[Stored data]
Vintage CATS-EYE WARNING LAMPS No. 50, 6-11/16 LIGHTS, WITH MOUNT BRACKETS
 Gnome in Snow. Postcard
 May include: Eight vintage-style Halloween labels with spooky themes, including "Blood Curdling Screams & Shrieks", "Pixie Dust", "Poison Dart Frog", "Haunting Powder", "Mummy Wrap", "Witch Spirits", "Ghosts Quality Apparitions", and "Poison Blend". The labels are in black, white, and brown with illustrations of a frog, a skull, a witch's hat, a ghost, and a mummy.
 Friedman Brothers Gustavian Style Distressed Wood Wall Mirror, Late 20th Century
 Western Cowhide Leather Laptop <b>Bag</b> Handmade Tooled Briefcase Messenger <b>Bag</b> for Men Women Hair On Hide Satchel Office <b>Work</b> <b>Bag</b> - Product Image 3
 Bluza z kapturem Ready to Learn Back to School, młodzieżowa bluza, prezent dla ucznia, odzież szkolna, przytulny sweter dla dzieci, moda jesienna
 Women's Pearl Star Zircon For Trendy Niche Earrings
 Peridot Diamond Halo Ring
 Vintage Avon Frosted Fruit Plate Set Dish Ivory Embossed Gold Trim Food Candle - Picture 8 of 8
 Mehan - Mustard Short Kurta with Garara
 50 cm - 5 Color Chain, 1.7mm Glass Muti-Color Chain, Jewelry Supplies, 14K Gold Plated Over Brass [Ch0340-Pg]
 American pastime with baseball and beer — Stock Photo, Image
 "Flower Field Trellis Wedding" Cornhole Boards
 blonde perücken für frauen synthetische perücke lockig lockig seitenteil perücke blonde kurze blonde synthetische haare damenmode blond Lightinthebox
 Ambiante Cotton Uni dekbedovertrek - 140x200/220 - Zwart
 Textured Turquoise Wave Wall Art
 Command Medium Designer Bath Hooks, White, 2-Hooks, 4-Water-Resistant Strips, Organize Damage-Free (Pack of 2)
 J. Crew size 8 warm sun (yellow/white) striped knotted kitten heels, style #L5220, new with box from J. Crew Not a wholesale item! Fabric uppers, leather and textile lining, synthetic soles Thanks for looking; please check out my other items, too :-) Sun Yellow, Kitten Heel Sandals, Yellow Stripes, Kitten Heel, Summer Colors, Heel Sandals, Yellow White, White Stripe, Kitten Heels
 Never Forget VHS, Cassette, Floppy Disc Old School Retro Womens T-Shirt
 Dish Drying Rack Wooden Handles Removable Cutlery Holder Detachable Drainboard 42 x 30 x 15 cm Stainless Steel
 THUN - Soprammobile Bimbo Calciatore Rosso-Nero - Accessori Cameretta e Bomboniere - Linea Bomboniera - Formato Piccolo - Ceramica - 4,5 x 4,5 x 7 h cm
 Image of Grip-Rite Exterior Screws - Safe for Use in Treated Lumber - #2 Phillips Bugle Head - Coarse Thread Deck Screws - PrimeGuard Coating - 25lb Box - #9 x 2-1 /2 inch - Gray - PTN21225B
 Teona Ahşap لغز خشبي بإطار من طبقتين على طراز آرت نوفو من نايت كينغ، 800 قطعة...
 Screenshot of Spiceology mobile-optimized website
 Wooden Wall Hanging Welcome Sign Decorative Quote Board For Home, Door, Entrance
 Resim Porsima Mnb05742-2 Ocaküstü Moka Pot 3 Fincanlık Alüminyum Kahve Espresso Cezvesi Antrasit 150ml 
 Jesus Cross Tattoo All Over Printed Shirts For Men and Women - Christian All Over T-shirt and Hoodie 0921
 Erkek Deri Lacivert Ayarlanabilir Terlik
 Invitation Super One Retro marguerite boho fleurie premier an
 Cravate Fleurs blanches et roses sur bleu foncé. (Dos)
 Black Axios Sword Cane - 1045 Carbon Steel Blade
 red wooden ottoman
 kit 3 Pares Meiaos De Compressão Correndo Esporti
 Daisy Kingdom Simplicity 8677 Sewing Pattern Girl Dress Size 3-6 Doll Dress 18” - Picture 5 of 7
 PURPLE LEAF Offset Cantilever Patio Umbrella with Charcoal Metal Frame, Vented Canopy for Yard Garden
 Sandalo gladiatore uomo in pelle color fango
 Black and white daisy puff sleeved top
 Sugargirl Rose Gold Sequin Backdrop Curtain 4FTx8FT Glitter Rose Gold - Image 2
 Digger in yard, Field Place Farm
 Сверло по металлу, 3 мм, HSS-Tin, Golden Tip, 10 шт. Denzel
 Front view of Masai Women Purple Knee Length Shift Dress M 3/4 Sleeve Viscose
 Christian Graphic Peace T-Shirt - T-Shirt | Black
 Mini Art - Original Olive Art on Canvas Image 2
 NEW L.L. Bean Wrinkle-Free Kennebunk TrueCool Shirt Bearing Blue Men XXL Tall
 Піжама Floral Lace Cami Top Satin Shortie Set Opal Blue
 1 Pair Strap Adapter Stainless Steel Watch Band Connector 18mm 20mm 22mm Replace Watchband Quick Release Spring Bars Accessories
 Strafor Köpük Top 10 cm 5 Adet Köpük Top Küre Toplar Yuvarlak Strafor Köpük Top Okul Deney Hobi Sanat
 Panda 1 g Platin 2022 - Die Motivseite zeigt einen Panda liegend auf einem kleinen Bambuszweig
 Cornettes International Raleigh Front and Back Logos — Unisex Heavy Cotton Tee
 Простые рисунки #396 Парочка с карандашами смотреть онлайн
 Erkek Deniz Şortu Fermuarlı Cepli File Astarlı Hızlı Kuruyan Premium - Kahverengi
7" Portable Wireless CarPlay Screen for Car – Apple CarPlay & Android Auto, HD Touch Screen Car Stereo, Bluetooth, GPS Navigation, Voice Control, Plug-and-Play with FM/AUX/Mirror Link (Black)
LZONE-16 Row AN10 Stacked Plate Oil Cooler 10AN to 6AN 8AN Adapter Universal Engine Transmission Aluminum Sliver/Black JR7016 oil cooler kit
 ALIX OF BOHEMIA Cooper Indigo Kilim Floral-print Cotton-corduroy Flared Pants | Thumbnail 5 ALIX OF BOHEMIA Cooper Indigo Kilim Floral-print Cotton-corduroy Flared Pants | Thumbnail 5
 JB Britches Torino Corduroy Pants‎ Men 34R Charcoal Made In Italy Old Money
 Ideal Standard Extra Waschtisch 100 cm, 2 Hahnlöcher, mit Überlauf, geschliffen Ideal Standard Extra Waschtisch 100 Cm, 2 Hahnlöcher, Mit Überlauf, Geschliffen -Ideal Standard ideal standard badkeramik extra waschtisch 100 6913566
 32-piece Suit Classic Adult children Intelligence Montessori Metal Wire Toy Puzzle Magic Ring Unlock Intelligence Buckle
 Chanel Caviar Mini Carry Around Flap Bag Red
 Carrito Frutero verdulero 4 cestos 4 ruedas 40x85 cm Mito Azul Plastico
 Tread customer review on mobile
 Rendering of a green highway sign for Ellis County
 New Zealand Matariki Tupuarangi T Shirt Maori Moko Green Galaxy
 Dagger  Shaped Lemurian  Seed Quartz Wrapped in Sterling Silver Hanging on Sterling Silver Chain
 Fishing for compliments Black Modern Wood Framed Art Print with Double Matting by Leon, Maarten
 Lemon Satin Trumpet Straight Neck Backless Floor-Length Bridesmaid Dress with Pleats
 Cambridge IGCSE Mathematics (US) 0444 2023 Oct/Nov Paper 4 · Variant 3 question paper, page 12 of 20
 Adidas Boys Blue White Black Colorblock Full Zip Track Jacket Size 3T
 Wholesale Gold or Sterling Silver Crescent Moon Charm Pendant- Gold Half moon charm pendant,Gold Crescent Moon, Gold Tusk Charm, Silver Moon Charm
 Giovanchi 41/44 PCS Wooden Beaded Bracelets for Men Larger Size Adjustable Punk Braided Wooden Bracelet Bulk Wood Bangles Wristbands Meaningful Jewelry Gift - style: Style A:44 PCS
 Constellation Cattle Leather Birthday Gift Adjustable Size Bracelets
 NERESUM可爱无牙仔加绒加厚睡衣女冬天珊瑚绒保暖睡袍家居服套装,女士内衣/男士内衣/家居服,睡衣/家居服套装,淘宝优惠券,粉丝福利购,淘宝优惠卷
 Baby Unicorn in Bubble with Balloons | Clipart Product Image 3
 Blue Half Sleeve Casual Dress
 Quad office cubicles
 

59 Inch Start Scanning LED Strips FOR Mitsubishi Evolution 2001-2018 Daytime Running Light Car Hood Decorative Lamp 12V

What you should do:
Begin at the top of the records above and quote each line exactly, ending with the line that contains "Gnome in Snow. Postcard".

Task solution:
Vintage CATS-EYE WARNING LAMPS No. 50, 6-11/16 LIGHTS, WITH MOUNT BRACKETS
 Gnome in Snow. Postcard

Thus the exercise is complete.